In den letzten Tagen haben die Fußballfans in Köln für reichlich Gesprächsstoff gesorgt. Am 1. November 2025 kam es im Kölner Hauptbahnhof zu gewalttätigen Auseinandersetzungen zwischen Anhängern von Borussia Dortmund und Schalke 04. Polizeipräsident Gregor Lange aus Dortmund und sein Kollege Tim Frommeyer aus Gelsenkirchen gaben am 2. November eine Erklärung zu den Vorfällen ab, in der sie eine besorgniserregende Zunahme der Gewaltspirale unter sogenannten „Fans“ thematisierten. Die Polizei hat bereits Ermittlungen zu diesen Vorfällen aufgenommen und möchte die Verantwortlichen zur Rechenschaft ziehen. ZDF heute berichtet zudem, dass die Auseinandersetzungen zwischen Gruppierungen nicht nur in den Stadien, sondern zunehmend an „Drittorten“ stattfinden.

Die besagten Ausschreitungen fanden statt, während die BVB-Anhänger von einem Auswärtsspiel in Augsburg zurückkehrten, während die Schalker Fans nach Karlsruhe reisen wollten. In den letzten Monaten waren ähnliche Vorfälle nicht selten. So wurden am 13. April 2025 während einer Begegnung zwischen Borussia Dortmund II und Energie Cottbus sowie am 21. September 2025 bei Auseinandersetzungen zwischen Schalker und Dortmund/Kölner Fans in einem Waldstück mehrere Personen verletzt. Auch bei einem Fanmarsch des FC Schalke 04 am 12. Oktober gab es Unruhen. Die Presseportal legt dar, dass dabei auch unbeteiligte Personen und Polizisten in Mitleidenschaft gezogen wurden.

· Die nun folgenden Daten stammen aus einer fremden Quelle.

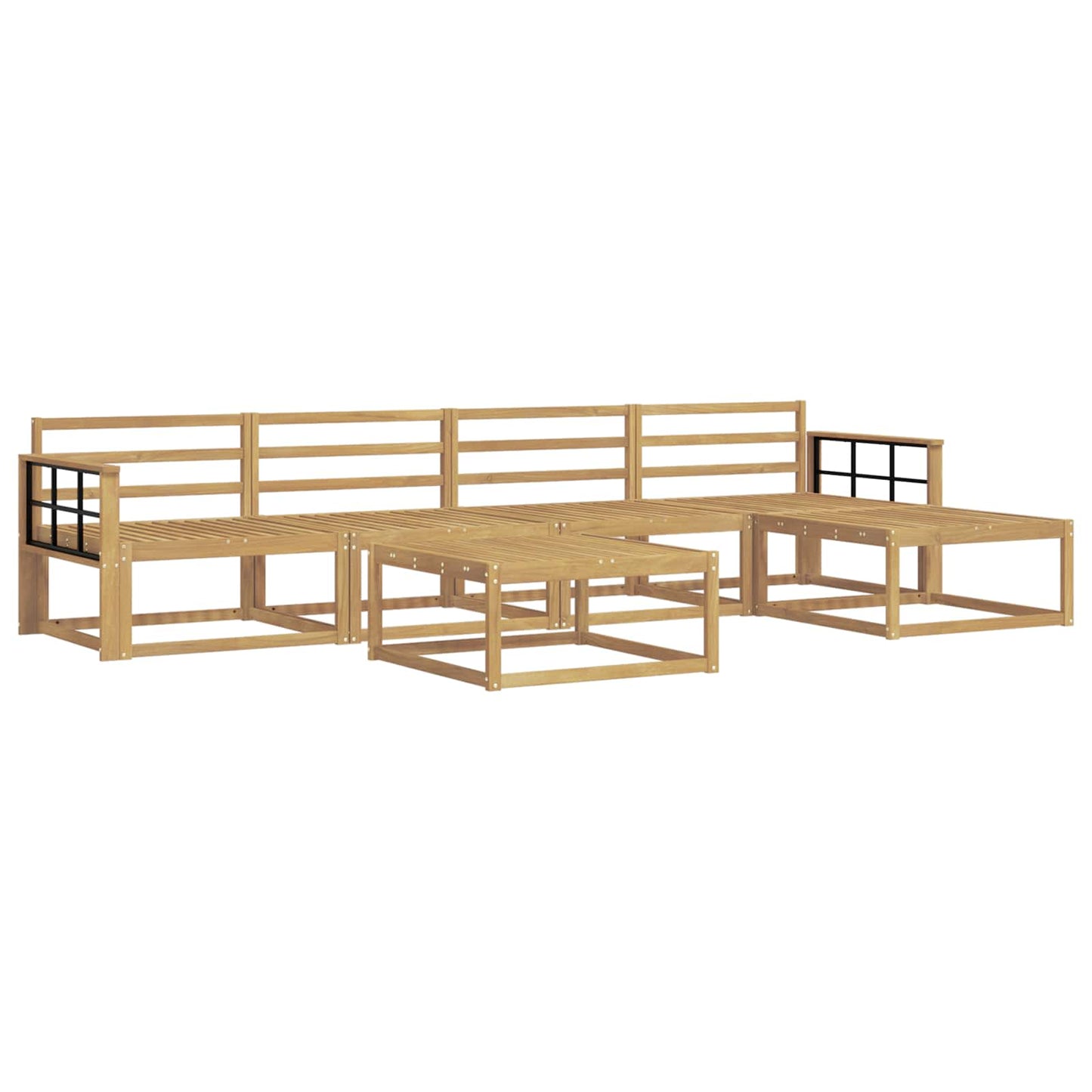 Outdoor Sofa Set 6 pcs White 79 x 79 x 37 cm Solid Acacia Wood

Ein besorgniserregender Trend

Laut dem Jahresbericht der Zentralen Informationsstelle Sporteinsätze für die Saison 2024/25 hat die Anzahl der verletzten Personen in den drei höchsten Fußballligen zwar abgenommen – insgesamt 1.107 Verletzte im Vergleich zum Vorjahr, was einem Rückgang um 17 Prozent entspricht. Allerdings steigt die Zahl der Vorfälle außerhalb der Stadien, bekannt als „Drittort-Auseinandersetzungen“. Solche organisierten Konflikte zwischen Fangruppen werden mittlerweile über verschiedene Plattformen, wie den Telegram-Kanal „Gruppa OF“, dokumentiert, der laut ZDF heute bereits über 10.000 Videos und Posts umfasst.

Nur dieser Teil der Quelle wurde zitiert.